Inarguably, there’s something compelling about adding shades of grey to the simple, linear golden and silver age stories the newer works were referencing. In the case of The Winter Soldier, Brubaker’s script complicated the man Steve Rogers would become, acknowledging his status as a man who realized the cost of a war and the sacrifices that are made to protect the most vulnerable. However, the weakest stories to come from the trend, Identity Crisis first among them, transformed the characters from those classic stories into twisted, no longer heroic figures, people who didn’t fight for what was right or for those who needed protection. Their motives became suspect, their every actions subject to a fresh, critical reading.
I’ve been thinking a lot about those comics for the entirety of this season of The Flash, which has been characterized by fans, if nothing else, for the rise of Barry as a misguided, selfish hero. He’s made a host of decisions, since Season 2’s finale, motivated solely by his own desires, his fears and anger, all at the expense of the people around him. He’s considered killing his enemies, lying to his friends and putting the entire planet in danger in service of own happiness.The show’s played somewhat coy with the depths of Barry’s selfishness, never quite acknowledging how motivated by fear he’s been, how self-centered he’s acted but this week’s episode “The Wrath of Savitar,” deals with his actions head-on.

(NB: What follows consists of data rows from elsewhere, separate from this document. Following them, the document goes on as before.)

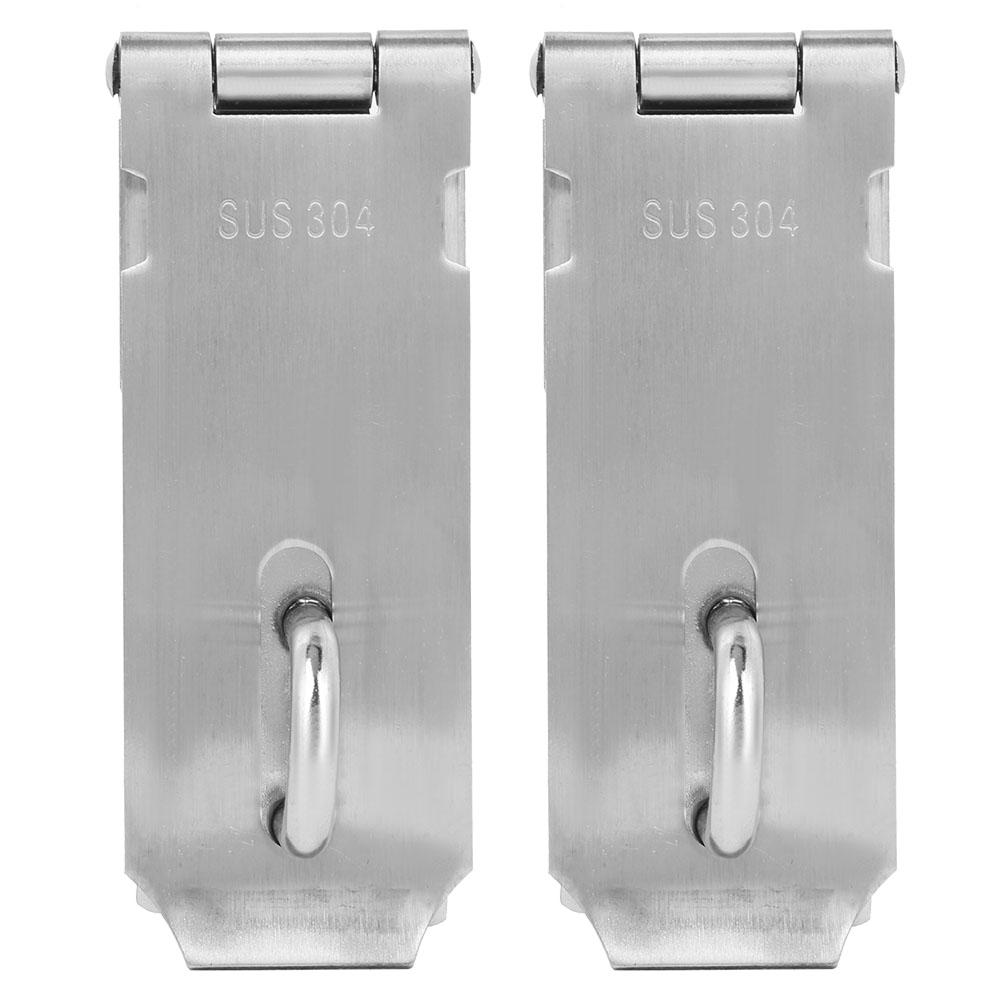 2PCS Padlock Hasp Stainless Steel Security Door Clasp Hasp Lock Latch Gate Bolt Lock for Furniture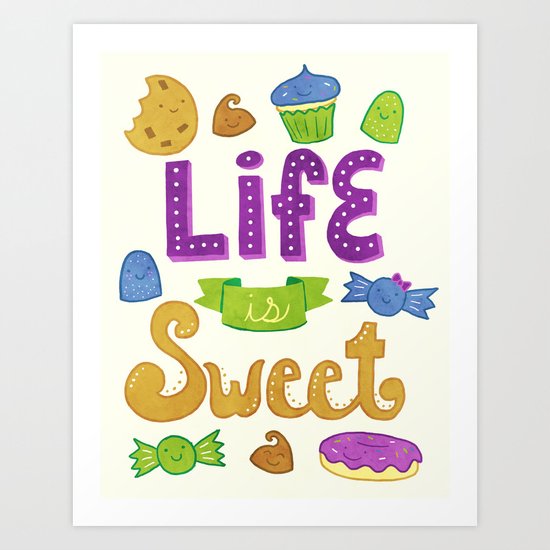 Candy Art Print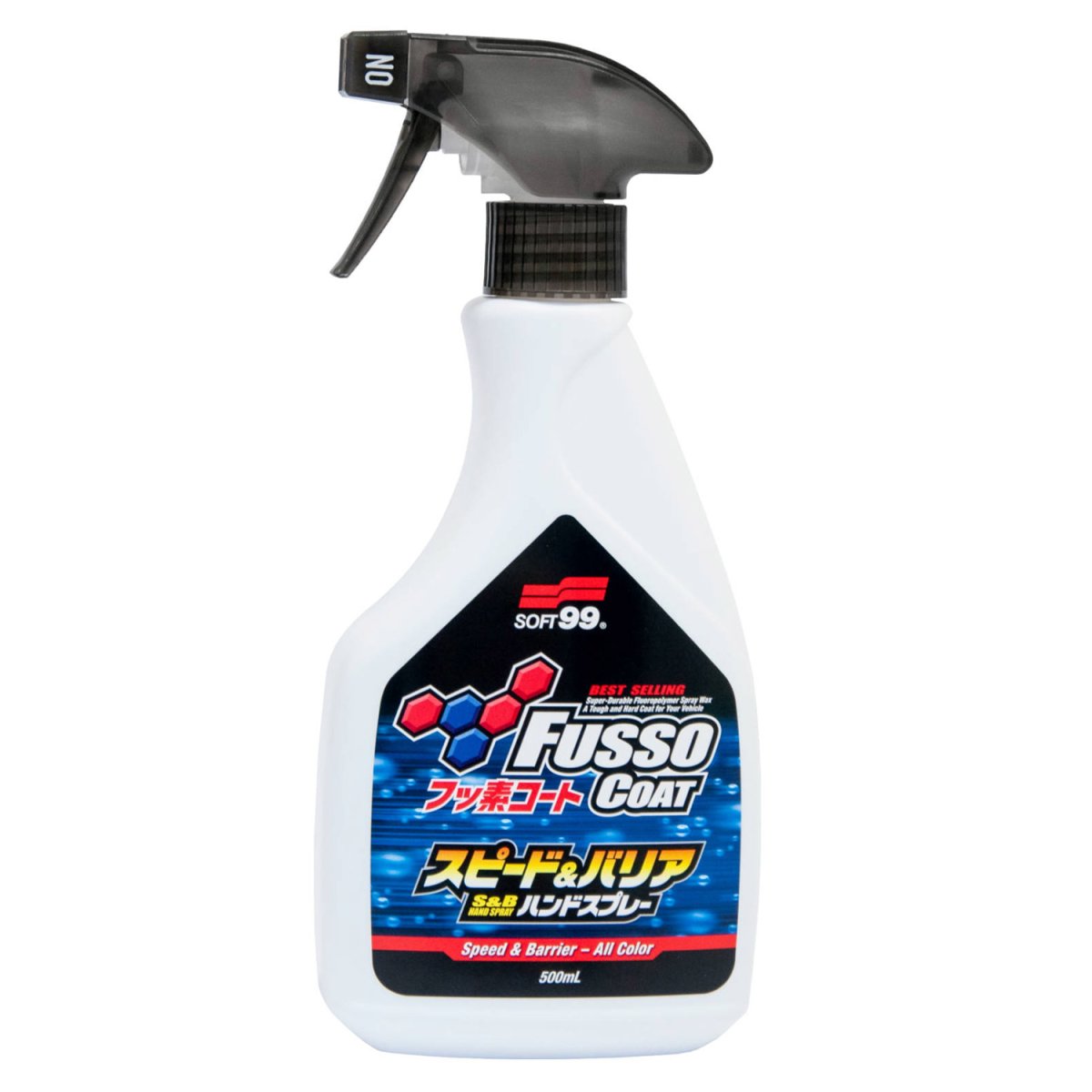 SOFT99 FUSSO COAT SPEED & BARRIER HAND SPRAY 400ML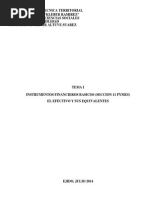 Contabilidad Bajo NIF. Tema I El Efectivo y Sus Equivalentes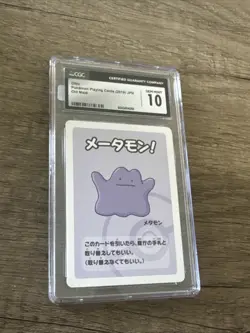 CGC 10 Ditto Old Maid 2019 Japanese Pokemon Card - Image 1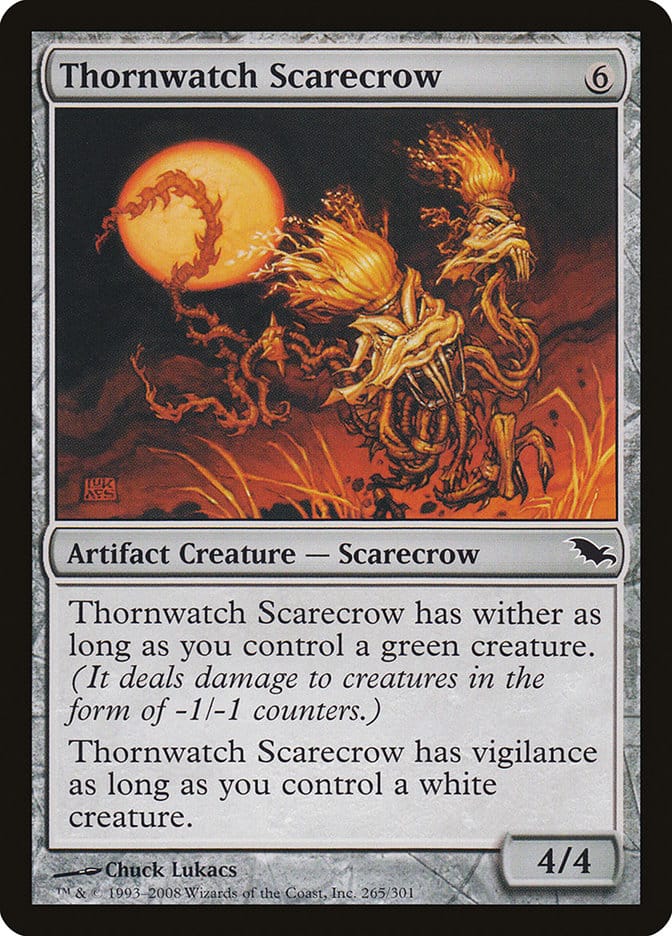 Thornwatch Scarecrow [Shadowmoor] Magic: The Gathering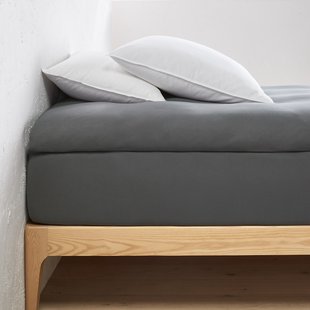 Hoeslaken in jersey voor topdekmatras, 30% recycled katoen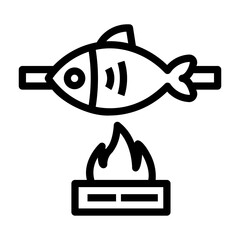 fish Line Icon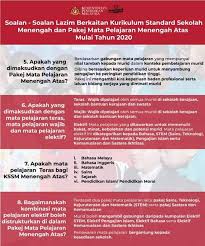 Beliau pernah bertugas sebagai guru bahasa inggeris di. Sistem Baru Mata Pelajaran Tingkatan 4 5 Mulai Tahun 2020 Ibu Ayah Fahamkan 8 Perkara Ini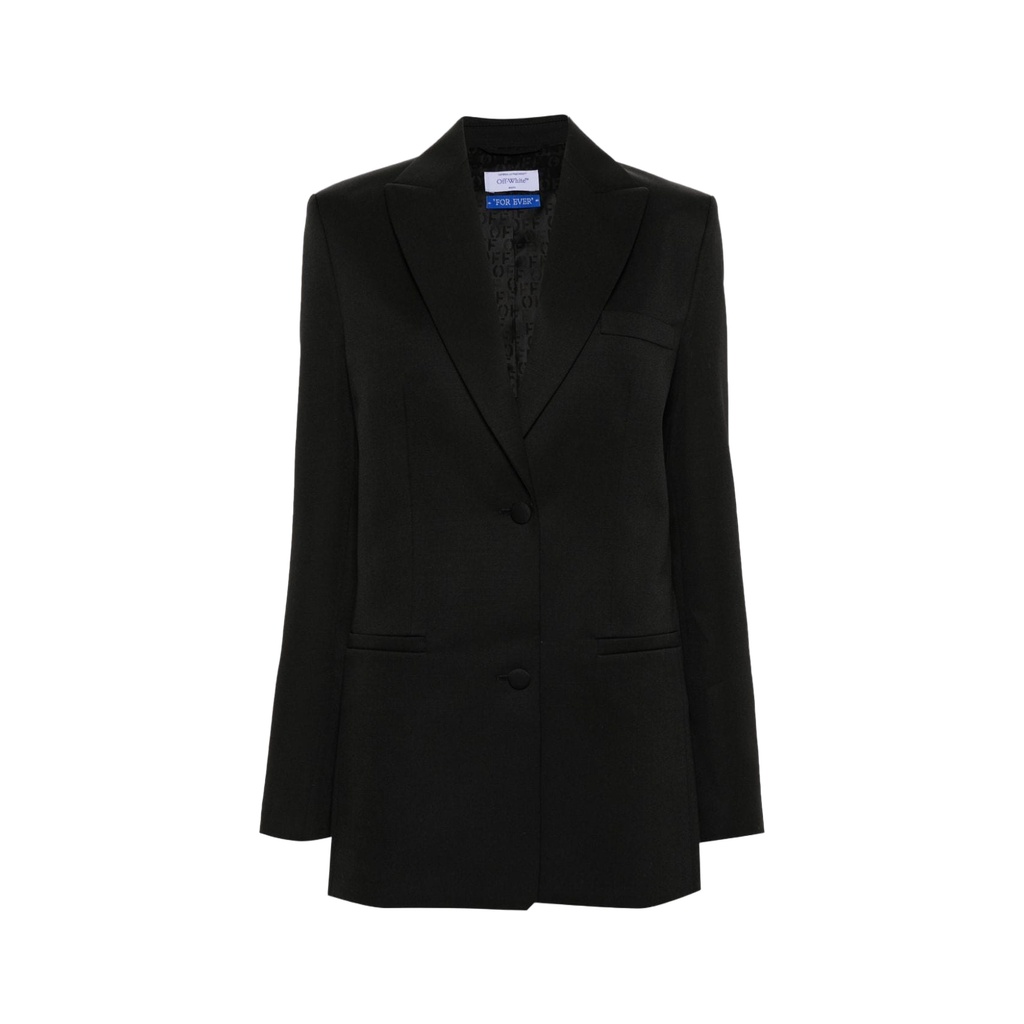 Off White Jackets Black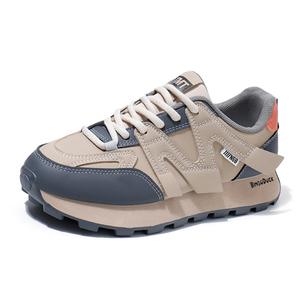 Повседневные кроссовки средней высоты для женщин и подростков BINGO DUCK, бежевый/серый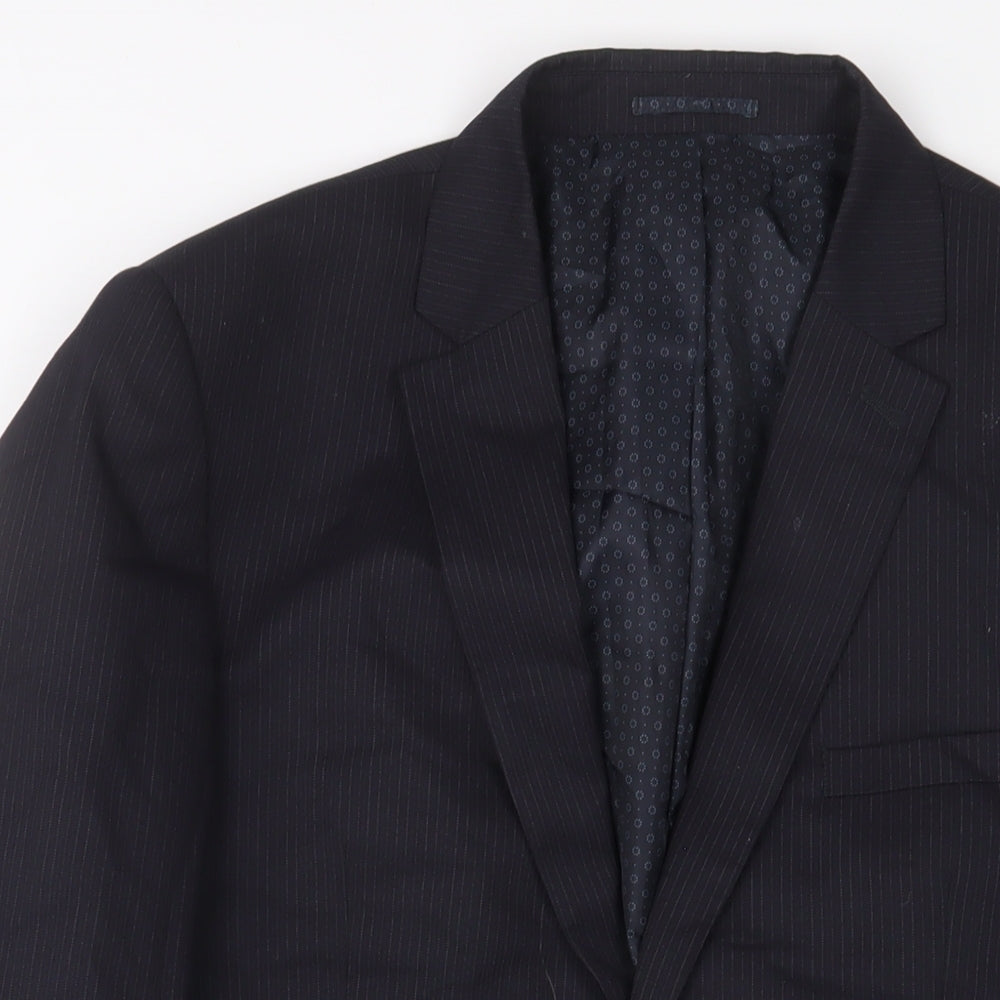 NEXT Mens Black Polyester Jacket Suit Jacket Size 40 Regular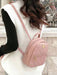Mochila pequeña para mujer de PU, bolso cruzado multifuncional - Quierox - Tienda Online
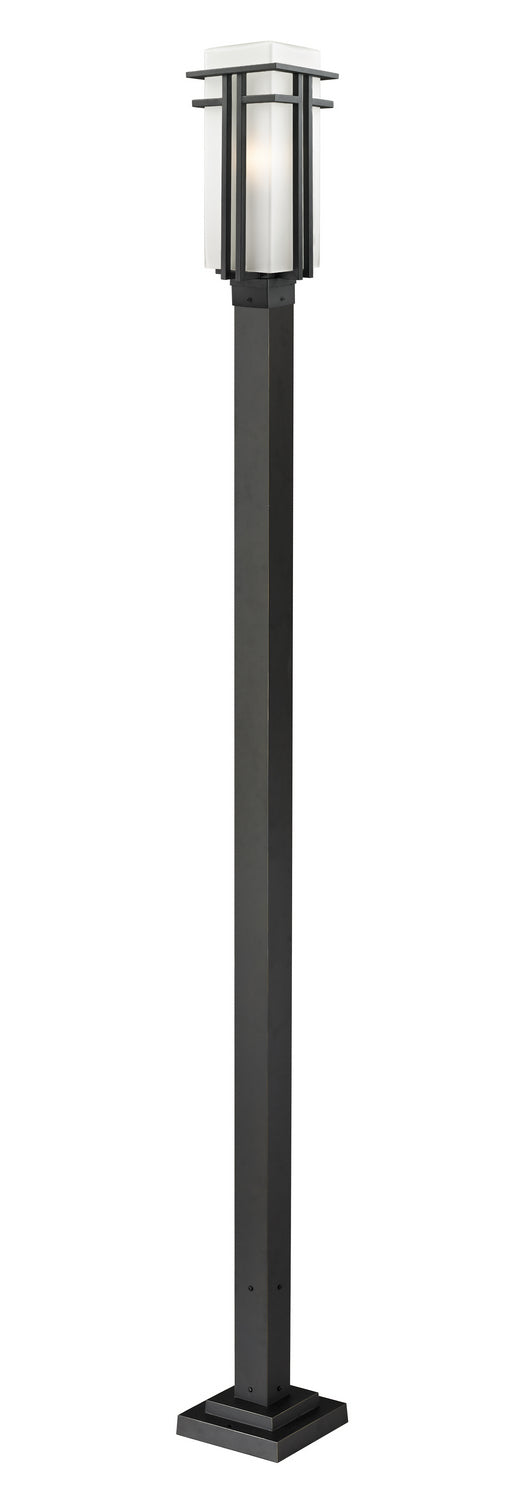 Z-Lite - 549PHB-536P-BK - One Light Outdoor Post Mount - Abbey - Black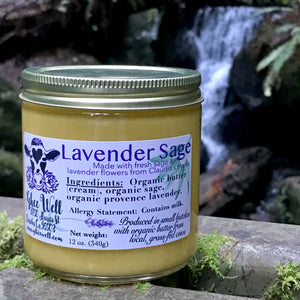 Lavender Sage Ghee - 12oz. glass jar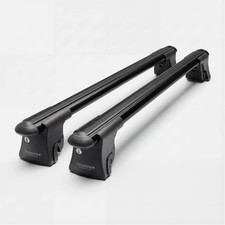 Universal Fitment Roof Racks Cross Bars Carrier Black 48'' Aluminum OPEN-BOX picture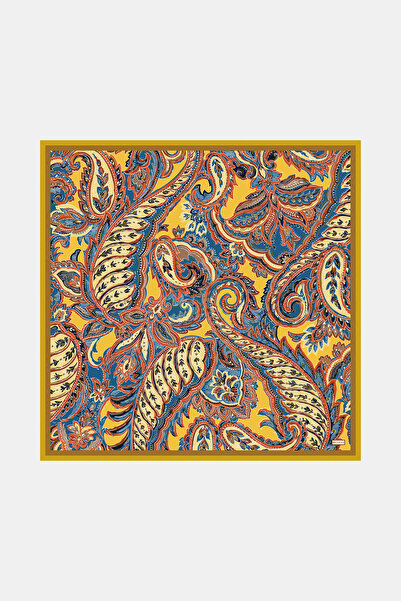 Vakko ŞAL DESENLİ TWILL İPEK EŞARP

As Barry pushes Wally further and further to save Iris from Savitar, he begins exploiting everyone around him, with Joe bristling under the way Barry proposed to his daughter, how he forces Julian to commune with the God of Speed, and demanding obedience from the entire team. It’s the move that finally causes the whole group to splinter, with Wally and Cisco vining into the future and ultimately revealing how Barry has manipulated his engagement in another attempt to save Iris.
One thing I’ve had a problem with this season is how much the show has worked to justify each one of Barry’s attempts to save Iris. So far, he’d always been proven right, or at least, been able to make a case for his decisions but “The Wrath of Savitar” ultimately hangs him out to dry by episode’s end.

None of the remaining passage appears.